You are viewing a plain text version of this content. The canonical link for it is here.

Posted to user@spark.apache.org by unk1102 <um...@gmail.com> on 2015/10/02 13:25:26 UTC

How to use registered Hive UDF in Spark DataFrame?

Hi I have registed my hive UDF using the following code:

hiveContext.udf().register("MyUDF",new UDF1(String,String)) {
public String call(String o) throws Execption {
//bla bla
}
},DataTypes.String);

Now I want to use above MyUDF in DataFrame. How do we use it?
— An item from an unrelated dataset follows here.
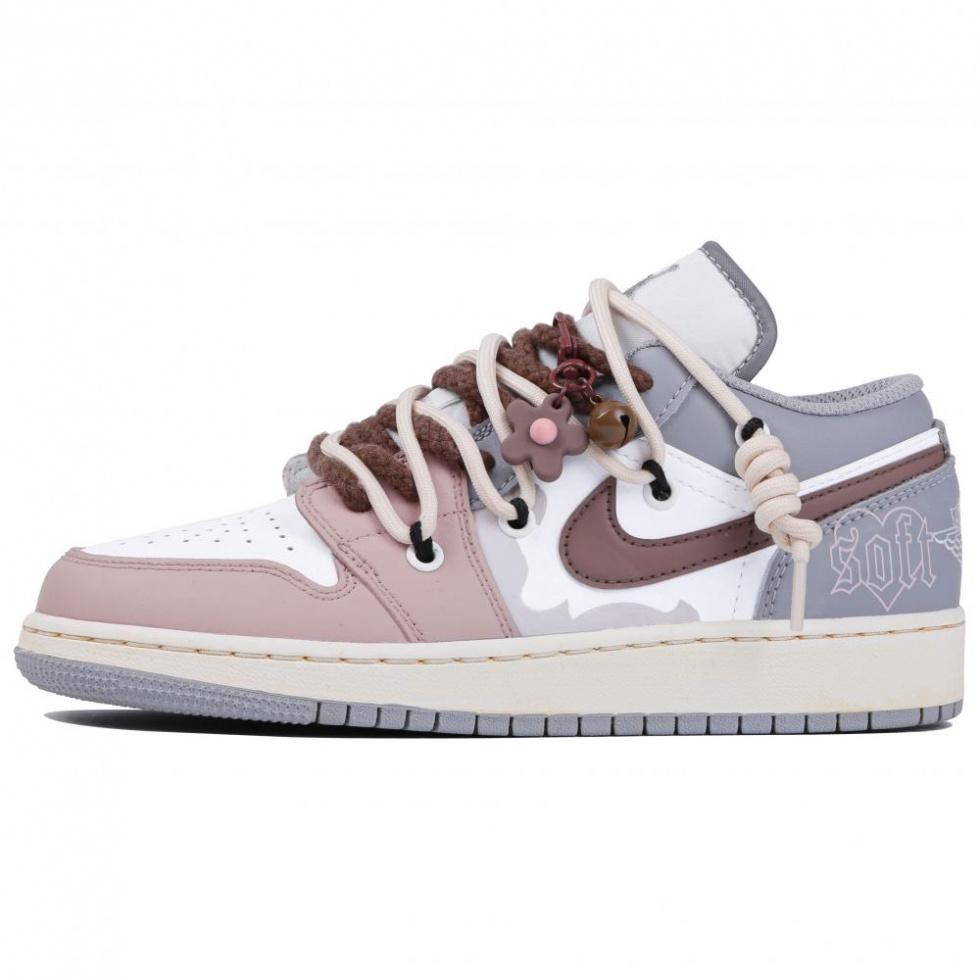 Jordan Air Jordan 1 Low Vintage Basketball Shoes GS Gray Pink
I know how to
use it in a sql and it works fine

hiveContext.sql(select MyUDF("test") from myTable);

My hiveContext.sql() query involves group by on multiple columns so for
scaling purpose I am trying to convert this query into DataFrame APIs

dataframe.select("col1","col2","coln").groupby(""col1","col2","coln").count();

Can we do the follwing dataframe.select(MyUDF("col1"))??? Please guide.



--
View this message in context: http://apache-spark-user-list.1001560.n3.nabble.com/How-to-use-registered-Hive-UDF-in-Spark-DataFrame-tp24907.html
Sent from the Apache Spark User List mailing list archive at Nabble.com.

---------------------------------------------------------------------
To unsubscribe, e-mail: user-unsubscribe@spark.apache.org
For additional commands, e-mail: user-help@spark.apache.org

Re: How to use registered Hive UDF in Spark DataFrame?

Posted by Umesh Kacha <um...@gmail.com>.

Hi I tried to use callUDF in the following way it throws exception saying
cant recognise myUDF even though I registered it.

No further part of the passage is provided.